Nello Frontera – Fuoco e Grafite
Impronte di luce e di ombra. Esposizione delle opere di Nello Frontera
Comunicato stampa
Fuoco e Grafite. Impronte di luce e di ombra
Esposizione delle opere di Nello Frontera dal 13 Luglio al 5 Agosto 2011
ACCADEMIA DEI FISIOCRITICI
Piazzetta Silvio Gigli (Prato di S. Agostino) – 53100 – Siena
www.accademiafisiocritici.it
di Gianmichele Galassi (Univ. di Siena – Accademia dei Fisiocritici)
Introduzione
Ho conosciuto Nello Frontera solo qualche mese addietro, ma fra noi abbiamo sentito un accordo di fondo, come due diversi strumenti che vibrano intonati, parole e pensieri scorrevano tanto fluidi da ritrovarci -ancora dopo due ore - a conversare; gli argomenti, i più vari: dalle impronte catturate nella carta ai massimi sistemi cosmologici il passo è breve, soprattutto se guardiamo alle cose come parte di un tutto.

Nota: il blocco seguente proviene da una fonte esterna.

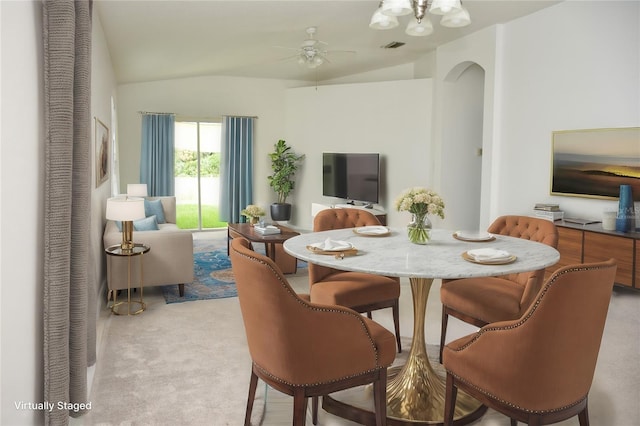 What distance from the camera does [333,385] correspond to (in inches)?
83.1

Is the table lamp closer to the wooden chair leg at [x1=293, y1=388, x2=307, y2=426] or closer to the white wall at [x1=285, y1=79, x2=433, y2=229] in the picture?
the wooden chair leg at [x1=293, y1=388, x2=307, y2=426]

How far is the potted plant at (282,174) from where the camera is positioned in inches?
356

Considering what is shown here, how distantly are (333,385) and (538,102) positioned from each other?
445 cm

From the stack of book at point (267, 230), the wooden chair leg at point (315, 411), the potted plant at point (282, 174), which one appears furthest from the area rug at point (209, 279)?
the wooden chair leg at point (315, 411)

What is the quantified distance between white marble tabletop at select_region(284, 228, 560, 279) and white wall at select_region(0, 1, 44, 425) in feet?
3.65

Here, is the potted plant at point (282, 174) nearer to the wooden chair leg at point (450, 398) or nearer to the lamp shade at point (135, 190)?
the lamp shade at point (135, 190)

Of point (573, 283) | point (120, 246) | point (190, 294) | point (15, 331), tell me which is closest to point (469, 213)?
point (190, 294)

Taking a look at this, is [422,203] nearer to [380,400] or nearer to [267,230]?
[380,400]

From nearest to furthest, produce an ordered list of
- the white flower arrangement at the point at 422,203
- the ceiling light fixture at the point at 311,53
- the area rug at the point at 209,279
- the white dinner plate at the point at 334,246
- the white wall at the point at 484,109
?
the white dinner plate at the point at 334,246
the white flower arrangement at the point at 422,203
the area rug at the point at 209,279
the ceiling light fixture at the point at 311,53
the white wall at the point at 484,109

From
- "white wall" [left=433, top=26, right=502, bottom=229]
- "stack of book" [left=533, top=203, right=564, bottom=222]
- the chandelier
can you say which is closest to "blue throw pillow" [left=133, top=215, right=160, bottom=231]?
the chandelier

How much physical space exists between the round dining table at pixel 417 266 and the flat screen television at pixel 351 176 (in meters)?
4.56

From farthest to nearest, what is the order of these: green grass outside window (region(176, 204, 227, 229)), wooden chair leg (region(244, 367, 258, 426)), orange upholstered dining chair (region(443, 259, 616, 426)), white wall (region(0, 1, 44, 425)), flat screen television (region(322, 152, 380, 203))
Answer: green grass outside window (region(176, 204, 227, 229)) → flat screen television (region(322, 152, 380, 203)) → wooden chair leg (region(244, 367, 258, 426)) → orange upholstered dining chair (region(443, 259, 616, 426)) → white wall (region(0, 1, 44, 425))

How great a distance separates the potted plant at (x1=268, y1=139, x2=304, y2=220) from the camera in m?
9.04

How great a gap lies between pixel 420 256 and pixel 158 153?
7061 mm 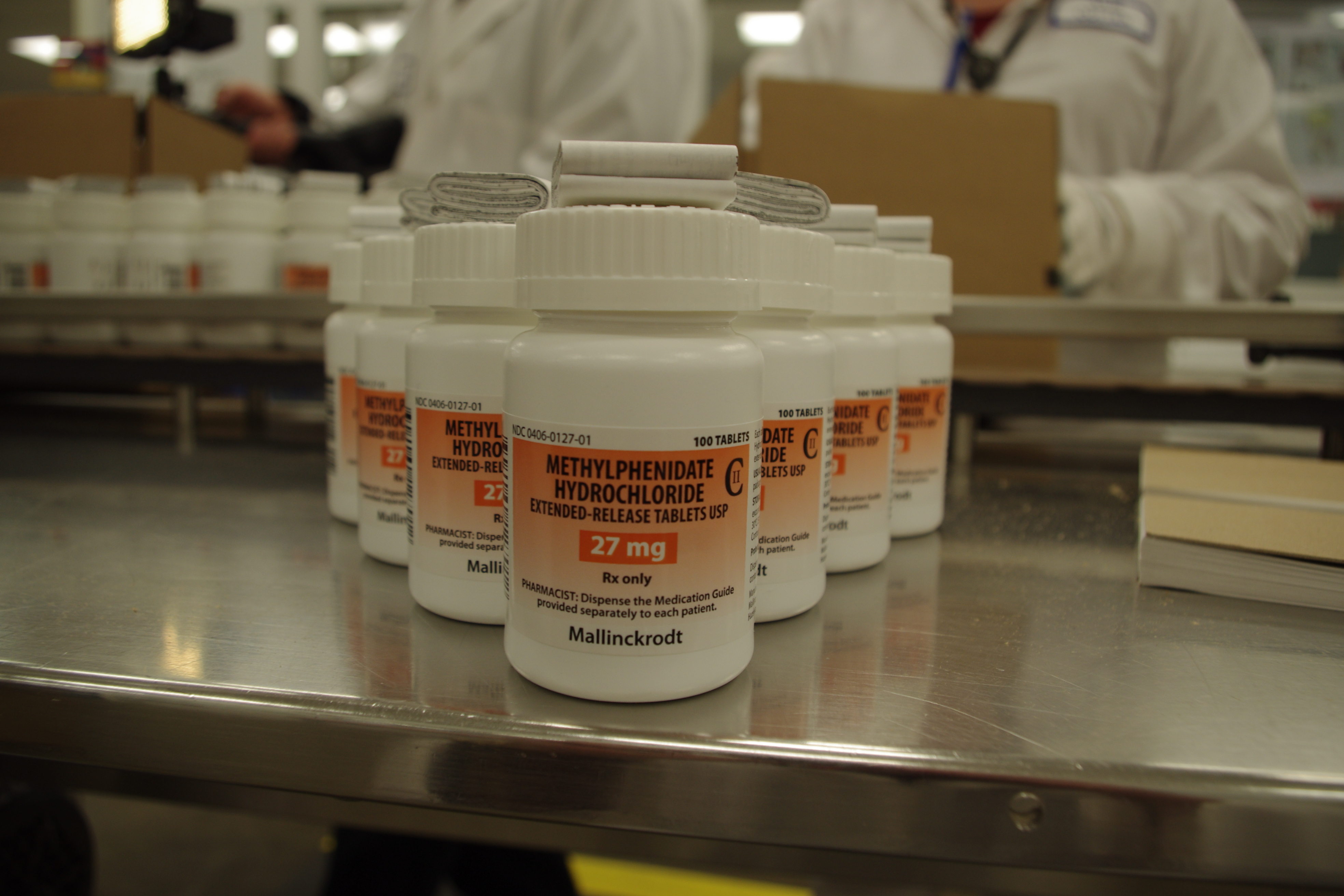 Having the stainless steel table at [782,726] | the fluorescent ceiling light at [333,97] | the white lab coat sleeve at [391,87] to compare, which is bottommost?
the stainless steel table at [782,726]

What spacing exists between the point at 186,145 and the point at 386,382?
3.65 ft

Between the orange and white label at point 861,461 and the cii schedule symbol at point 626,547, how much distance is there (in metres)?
0.20

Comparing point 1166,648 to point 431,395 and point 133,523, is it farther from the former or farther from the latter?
point 133,523

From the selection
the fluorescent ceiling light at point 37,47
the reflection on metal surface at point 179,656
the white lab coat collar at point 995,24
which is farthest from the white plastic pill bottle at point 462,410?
the fluorescent ceiling light at point 37,47

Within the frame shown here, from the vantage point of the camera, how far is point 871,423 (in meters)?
0.53

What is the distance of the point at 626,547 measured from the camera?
1.09ft

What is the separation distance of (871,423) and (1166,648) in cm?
21

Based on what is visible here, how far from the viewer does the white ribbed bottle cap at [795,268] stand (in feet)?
1.31

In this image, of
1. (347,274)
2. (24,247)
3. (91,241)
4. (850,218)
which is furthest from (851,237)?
(24,247)

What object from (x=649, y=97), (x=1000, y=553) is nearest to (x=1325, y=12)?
(x=649, y=97)

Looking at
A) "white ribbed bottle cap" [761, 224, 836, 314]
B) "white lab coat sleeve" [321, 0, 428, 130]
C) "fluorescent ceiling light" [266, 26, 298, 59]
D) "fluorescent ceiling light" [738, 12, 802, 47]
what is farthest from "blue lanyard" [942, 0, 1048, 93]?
"fluorescent ceiling light" [266, 26, 298, 59]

Nello è un uomo che sa apprezzare le cose semplici catturandone l’essenza: questa è la sua arte, un’arte che sa trasformare la semplicità di una pietra o la naturale bellezza di un’erba in una visione eterea capace di toccare le nostre corde in profondità, giù giù sino a raggiungere l’anima stessa.
A Nello piace l’arte in quanto tale, per quello che sa esprimere e per quello che riesce a suscitare, in una parola, egli trae forza e spunto dal sentimento, natura ed umanità sono legati in un intreccio armonico che pare trasmettere qualcosa di esoterico; a volte, sembra addirittura che egli sia capace di scavalcare il confine invisibile ed impalpabile creato dalla spazialità e dal tempo, rendendolo suscettibile alla propria arte. Del resto, per alcuni, ovvero per quei pochi che hanno occhi per vedere, il limite fra i mondi della materialità e della spiritualità si fanno labili, sino a cadere definitivamente, lasciando filtrare quella luce che tutti andiamo cercando…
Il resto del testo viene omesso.